Hoist a glass: Aviation pioneers Amelia Earhart and Jimmy Doolittle spent time in the historic Curtiss-Wright airplane hangar that’s now the Hunter-Gatherer Production Brewery, 1402 Jim Hamilton Blvd. Visitors toast with pale ales, stouts, IPAs, ESBs and a brew called Ye Old Bastarde.

Columbus, Ohio

The National Veterans Museum and Memorial opened in October in Columbus, Ohio.
(John Minchillo / Associated Press)

What to know: Ohio’s state capital is home to Ohio State University, with an enrollment of nearly 45,000 — and that’s just undergrads. The revitalization of the city’s colorful neighborhoods contributes to the sense of optimism among many residents so perhaps they’ll carry that over to the NCAA teams they’re cheering for.


The game venue: Nationwide Arena, 200 W. Nationwide Blvd.

Don’t miss: The 50,000-square-foot National Veterans Memorial and Museum, 300 W. Broad St. opened in October and honors veterans from all branches of service from the past to the present.

Best bites: Walk from Nationwide Arena to North Market, 59 Spruce St., to choose among Tibetan, Indian, Bavarian, Italian, Mexican, Vietnamese, Japanese, Thai, Belgian, and Polish cuisines, or simply fish, sandwiches, quiche, salads, ice cream and macarons too.

Hoist a glass: In the up-and-coming neighborhood of Franklinton, the Land-Grant Brewing Co., 424 W. Town St., features a craft brewery, taproom and beer garden popular with locals. For a “jolt of hops,” try the Stiff-Arm IPA.

Dayton, Ohio

Looking over Deeds Park at the fountains toward downtown Dayton.
(Nicholas Smith / Getty Images/iStockphoto)

What to know: Dayton has always been a leader in invention and innovation. The Wright brothers developed the airplane here, and the city claims the self-starting ignition for cars, which ended old-fashioned hand-cranking of engines (and the broken arms that came with it). Especially meaningful for March Madness celebrants: Dayton’s claim to the invention locally of the ice-cube tray and pop-top can.


The game venue: University of Dayton Arena, 300 College Park

Don’t miss: You’ll find lots of aviation sites in Dayton — the Wright Brothers National Museum, the Armstrong Air & Space Museum, the National Museum of the U.S. Air Force and more — but you’ll also get to play, laugh and goof off at the Boonshoft Museum of Discovery, 2600 DeWeese Parkway, where being a kid isn’t just about age.

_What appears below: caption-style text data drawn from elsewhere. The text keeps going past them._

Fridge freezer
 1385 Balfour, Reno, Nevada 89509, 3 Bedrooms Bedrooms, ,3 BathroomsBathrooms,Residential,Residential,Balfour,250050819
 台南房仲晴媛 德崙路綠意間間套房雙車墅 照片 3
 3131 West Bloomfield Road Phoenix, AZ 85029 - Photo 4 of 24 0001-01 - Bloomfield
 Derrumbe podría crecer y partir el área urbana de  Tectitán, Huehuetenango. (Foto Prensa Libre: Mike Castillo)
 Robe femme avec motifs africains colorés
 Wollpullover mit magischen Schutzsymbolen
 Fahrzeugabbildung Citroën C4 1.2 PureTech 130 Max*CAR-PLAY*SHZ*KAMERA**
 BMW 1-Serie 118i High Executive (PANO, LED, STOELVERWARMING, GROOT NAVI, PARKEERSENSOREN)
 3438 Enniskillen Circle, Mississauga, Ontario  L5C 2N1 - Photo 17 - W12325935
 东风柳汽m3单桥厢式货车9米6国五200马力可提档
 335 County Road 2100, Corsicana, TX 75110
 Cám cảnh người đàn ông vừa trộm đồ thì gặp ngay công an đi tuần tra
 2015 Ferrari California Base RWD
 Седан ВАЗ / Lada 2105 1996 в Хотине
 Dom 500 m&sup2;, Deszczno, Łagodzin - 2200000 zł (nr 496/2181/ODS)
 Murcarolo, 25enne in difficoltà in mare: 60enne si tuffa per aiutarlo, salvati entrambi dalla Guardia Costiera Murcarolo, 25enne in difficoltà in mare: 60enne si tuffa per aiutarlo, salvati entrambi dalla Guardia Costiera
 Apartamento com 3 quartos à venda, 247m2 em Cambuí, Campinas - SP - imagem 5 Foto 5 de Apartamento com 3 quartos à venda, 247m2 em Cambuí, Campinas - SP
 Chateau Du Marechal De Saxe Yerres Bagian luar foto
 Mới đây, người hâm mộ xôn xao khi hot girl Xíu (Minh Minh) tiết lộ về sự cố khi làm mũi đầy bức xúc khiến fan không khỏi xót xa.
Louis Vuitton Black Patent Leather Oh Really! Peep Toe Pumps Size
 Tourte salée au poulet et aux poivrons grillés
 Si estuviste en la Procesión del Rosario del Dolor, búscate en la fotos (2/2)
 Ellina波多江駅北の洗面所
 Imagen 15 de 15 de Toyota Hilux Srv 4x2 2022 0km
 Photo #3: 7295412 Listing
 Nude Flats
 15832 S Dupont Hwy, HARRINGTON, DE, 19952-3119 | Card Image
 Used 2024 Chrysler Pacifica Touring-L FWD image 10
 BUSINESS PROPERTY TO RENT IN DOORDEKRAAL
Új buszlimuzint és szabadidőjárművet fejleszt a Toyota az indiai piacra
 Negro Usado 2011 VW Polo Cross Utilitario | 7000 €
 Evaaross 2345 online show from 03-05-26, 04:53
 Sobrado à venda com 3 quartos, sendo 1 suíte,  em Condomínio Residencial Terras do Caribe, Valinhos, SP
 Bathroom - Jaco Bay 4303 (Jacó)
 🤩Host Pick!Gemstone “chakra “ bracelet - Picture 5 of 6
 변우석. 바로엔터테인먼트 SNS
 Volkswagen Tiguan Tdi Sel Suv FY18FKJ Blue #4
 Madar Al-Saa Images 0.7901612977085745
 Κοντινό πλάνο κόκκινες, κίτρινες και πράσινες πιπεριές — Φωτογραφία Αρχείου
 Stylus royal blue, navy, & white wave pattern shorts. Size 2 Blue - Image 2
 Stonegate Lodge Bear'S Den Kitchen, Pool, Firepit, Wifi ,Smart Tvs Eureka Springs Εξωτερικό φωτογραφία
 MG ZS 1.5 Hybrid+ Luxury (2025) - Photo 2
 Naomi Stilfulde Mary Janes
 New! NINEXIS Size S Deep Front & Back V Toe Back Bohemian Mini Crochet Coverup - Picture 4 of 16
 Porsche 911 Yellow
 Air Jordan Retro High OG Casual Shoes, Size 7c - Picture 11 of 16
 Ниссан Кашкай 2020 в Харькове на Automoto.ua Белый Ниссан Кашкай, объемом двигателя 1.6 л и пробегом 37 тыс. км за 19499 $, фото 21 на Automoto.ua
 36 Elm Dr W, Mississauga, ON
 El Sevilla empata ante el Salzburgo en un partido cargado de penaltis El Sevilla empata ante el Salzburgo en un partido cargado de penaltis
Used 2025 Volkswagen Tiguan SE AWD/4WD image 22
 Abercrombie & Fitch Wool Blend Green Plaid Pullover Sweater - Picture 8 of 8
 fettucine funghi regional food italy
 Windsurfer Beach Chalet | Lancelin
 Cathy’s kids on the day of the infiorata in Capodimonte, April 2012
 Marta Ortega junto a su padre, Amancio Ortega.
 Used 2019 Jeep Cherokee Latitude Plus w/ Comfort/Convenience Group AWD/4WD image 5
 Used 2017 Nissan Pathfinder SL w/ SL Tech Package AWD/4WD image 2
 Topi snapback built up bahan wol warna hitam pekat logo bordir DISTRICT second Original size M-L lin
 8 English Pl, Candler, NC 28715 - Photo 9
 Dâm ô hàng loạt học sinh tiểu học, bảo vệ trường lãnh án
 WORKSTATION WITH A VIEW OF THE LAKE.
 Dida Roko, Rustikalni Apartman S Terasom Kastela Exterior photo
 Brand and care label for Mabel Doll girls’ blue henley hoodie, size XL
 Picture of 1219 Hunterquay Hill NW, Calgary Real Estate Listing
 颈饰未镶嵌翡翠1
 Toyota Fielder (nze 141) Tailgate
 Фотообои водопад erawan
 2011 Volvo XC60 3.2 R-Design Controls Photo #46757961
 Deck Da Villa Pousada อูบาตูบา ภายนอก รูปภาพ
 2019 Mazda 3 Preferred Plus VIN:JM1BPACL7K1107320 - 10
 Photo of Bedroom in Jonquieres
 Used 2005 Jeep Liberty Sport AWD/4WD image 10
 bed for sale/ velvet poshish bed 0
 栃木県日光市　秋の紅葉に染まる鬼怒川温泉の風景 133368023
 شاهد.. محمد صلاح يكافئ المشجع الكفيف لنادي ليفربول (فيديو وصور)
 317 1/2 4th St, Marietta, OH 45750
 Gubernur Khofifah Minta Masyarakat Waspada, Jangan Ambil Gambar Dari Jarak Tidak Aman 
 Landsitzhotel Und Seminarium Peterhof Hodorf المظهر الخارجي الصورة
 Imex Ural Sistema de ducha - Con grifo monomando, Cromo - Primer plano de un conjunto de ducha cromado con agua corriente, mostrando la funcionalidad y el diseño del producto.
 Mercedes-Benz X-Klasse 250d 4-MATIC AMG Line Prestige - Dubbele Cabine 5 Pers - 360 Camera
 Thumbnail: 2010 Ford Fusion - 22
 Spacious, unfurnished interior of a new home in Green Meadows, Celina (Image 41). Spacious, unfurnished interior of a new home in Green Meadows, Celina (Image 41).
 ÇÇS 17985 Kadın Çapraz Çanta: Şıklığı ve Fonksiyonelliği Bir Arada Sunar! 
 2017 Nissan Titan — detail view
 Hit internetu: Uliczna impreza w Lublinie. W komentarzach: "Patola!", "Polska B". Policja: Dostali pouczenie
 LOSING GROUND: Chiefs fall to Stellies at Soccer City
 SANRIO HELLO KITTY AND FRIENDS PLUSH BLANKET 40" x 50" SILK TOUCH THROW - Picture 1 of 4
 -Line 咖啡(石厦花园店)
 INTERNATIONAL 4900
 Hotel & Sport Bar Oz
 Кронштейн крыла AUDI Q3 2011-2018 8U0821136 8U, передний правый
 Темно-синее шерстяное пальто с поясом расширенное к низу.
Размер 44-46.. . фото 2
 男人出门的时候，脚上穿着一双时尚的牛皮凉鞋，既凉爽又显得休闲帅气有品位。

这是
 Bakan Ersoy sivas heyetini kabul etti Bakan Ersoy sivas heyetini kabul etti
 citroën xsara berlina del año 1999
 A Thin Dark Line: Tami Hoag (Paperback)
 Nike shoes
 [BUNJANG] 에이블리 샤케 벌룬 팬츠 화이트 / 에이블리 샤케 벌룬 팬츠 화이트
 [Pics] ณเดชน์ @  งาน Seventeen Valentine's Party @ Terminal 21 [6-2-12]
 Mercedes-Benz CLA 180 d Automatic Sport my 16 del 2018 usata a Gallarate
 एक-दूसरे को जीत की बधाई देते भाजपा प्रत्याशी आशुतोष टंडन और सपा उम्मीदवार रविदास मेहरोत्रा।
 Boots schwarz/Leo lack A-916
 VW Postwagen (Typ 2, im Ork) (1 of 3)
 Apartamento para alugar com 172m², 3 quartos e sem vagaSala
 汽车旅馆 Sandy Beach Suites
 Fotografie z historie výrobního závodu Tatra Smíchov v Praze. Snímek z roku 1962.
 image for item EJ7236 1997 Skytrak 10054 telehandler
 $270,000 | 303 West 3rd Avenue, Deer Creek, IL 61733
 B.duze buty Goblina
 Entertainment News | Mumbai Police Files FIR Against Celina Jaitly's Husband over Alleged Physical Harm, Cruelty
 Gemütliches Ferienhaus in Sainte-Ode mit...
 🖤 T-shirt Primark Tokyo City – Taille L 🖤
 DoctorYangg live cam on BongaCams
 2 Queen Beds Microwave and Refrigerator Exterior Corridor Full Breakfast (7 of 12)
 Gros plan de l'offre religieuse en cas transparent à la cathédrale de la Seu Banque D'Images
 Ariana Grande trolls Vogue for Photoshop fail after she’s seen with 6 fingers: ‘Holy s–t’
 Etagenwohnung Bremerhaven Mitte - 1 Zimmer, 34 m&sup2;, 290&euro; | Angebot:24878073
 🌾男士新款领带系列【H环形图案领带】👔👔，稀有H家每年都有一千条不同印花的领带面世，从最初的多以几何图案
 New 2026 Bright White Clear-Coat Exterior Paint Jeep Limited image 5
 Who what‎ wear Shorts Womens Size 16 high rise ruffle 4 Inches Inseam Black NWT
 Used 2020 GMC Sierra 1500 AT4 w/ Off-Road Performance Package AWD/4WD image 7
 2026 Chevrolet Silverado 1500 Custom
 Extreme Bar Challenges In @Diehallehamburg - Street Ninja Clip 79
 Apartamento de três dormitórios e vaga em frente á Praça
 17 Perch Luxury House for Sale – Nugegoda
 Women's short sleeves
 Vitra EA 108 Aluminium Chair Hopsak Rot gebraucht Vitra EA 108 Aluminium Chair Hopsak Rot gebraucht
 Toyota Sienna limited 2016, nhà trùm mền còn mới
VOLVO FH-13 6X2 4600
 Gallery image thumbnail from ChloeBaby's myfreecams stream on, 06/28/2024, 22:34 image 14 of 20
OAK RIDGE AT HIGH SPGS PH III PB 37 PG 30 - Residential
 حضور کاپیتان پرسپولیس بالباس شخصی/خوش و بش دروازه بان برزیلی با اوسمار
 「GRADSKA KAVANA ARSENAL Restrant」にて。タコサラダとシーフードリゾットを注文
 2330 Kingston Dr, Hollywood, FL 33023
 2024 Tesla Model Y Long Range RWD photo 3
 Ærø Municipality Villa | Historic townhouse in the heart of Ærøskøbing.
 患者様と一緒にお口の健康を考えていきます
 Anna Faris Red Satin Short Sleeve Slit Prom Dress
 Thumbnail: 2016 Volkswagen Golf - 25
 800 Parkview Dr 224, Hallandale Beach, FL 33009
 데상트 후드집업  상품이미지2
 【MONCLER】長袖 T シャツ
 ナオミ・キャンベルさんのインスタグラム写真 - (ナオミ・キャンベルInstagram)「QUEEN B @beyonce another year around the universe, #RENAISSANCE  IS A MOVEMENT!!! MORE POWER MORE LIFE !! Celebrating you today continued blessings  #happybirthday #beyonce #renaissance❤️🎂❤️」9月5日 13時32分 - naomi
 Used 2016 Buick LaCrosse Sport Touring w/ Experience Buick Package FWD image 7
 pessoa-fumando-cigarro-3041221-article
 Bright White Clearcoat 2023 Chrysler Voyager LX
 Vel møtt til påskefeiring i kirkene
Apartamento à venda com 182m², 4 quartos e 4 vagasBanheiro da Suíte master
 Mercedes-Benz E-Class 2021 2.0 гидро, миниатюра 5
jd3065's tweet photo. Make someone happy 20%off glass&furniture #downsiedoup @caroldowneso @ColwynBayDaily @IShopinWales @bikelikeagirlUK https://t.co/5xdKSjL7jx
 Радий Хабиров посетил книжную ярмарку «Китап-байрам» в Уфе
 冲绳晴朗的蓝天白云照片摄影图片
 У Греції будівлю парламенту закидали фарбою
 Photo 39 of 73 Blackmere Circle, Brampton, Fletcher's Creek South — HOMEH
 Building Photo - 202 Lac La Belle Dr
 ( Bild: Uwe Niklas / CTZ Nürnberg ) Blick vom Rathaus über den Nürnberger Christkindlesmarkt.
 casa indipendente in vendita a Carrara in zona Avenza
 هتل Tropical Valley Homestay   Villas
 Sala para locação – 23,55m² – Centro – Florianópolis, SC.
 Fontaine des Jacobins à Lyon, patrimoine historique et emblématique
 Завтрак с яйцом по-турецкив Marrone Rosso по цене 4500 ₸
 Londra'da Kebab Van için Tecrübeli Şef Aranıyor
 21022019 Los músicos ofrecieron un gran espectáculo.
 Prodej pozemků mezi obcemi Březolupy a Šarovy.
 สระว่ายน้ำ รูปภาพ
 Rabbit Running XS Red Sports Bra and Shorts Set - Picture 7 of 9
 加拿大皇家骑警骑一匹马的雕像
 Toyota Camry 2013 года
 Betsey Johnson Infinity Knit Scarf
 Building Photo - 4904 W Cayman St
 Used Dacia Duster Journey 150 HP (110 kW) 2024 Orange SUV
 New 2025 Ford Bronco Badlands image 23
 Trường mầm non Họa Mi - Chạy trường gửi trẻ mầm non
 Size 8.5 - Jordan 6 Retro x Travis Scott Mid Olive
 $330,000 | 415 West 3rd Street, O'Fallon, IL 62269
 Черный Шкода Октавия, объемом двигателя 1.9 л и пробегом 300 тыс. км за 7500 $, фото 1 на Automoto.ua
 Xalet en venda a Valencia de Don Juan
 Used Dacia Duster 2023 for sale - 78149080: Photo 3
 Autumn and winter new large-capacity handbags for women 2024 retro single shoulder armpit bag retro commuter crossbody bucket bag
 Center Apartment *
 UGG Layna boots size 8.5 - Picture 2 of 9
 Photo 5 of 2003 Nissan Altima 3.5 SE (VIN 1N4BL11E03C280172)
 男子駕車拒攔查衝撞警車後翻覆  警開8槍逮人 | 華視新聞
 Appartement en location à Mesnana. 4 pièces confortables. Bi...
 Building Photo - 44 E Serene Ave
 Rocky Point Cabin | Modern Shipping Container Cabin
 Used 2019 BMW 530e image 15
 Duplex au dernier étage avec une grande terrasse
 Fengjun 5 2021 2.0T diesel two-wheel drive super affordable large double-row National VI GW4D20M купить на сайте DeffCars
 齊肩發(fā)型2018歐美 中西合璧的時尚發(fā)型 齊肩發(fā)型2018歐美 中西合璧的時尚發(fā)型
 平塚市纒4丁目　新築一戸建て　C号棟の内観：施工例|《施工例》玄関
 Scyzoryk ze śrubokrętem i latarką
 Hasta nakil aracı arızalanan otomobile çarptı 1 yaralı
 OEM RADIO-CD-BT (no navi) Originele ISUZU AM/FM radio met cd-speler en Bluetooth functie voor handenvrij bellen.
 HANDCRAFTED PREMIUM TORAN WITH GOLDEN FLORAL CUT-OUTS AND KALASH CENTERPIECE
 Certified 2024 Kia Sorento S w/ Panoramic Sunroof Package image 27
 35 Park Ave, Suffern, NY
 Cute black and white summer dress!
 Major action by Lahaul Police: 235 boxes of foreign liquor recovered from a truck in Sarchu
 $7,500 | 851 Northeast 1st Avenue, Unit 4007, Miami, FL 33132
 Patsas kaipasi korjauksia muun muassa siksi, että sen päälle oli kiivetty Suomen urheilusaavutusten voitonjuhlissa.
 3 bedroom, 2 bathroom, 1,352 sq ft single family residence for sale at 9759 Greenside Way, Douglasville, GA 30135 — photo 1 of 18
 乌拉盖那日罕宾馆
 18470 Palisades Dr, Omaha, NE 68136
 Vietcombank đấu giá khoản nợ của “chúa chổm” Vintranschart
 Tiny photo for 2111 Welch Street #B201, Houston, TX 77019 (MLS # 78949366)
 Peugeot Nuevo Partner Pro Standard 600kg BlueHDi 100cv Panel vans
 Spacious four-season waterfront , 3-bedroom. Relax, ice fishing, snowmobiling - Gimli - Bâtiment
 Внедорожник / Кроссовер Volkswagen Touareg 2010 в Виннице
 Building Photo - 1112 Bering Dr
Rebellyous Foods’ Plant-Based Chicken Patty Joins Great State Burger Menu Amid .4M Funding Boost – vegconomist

Grab a bite: Two miles from the University of Dayton Arena lies the historic Oregon Historic District with an international selection of Mediterranean, Italian, Peruvian and Thai fare, but a favorite is the Dublin Pub, 300 Wayne Ave., with Irish eats and live music.

Hoist a glass: University town that it is, Dayton has an Ale Trail of 19 breweries, but three — Warped Wing Brewing, 26 Wyandot St., Carillon Brewing,1000 Carillon Blvd., and Dayton Beer, 41 Madison St. — are within two miles of the arena.

Des Moines, Iowa

The Iowa Statehouse in Des Moines.
The Iowa Statehouse in Des Moines.
(Stephen Maturen / Getty Images)

What to know: The Iowa state capital is a sports town and home to the Drake Relays, a well-known annual track meet. But it’s the Drake University women’s basketball team that recently shone when, earlier this month, it won the Missouri Valley Conference championship for the third consecutive season.


The game venue: The Wells Fargo Arena, 233 Center St.

Don’t miss: The late 19th century Iowa State Capitol, 1007 E. Grand Ave. It’s topped with a 23-karat golden dome but also boasts four other domes and has plenty of Renaissance-style arches, pediments, porticoes, cornices and columns. Take a tour.

Best bites: Check out Jethro’s BBQ ’n Bacon Bacon, 1480 22nd St., West Des Moines, for, well, you can guess the menu. Lots of smoked meats too.

Hoist a glass: With a choice of 262 beers on tap and boasting the “world’s largest selection of American craft beers,” El Bait Shop, 200 S.W. 2nd St., is likely to offer a winner to every beer-drinker.

Hartford, Conn.

Mark Twain's House in Hartford, Conn., on a summer day
(Marc Dufresne / Getty Images)

What to know: Mark Twain wrote “Huckleberry Finn” here, and Harriet Beecher Stowe, the author of “Uncle Tom’s Cabin,” lived the last 23 years of her life in town. Both enhanced Hartford’s reputation as a center for influential novelists. Don’t let the headiness of history keep you from enjoying its character, though. “Even as one of the oldest metro areas in America, Hartford … has a lot to offer, both old and new,” U.S. News writes in its “best places to live” list.


The game venue: XL Center, 1 Civic Center Plaza.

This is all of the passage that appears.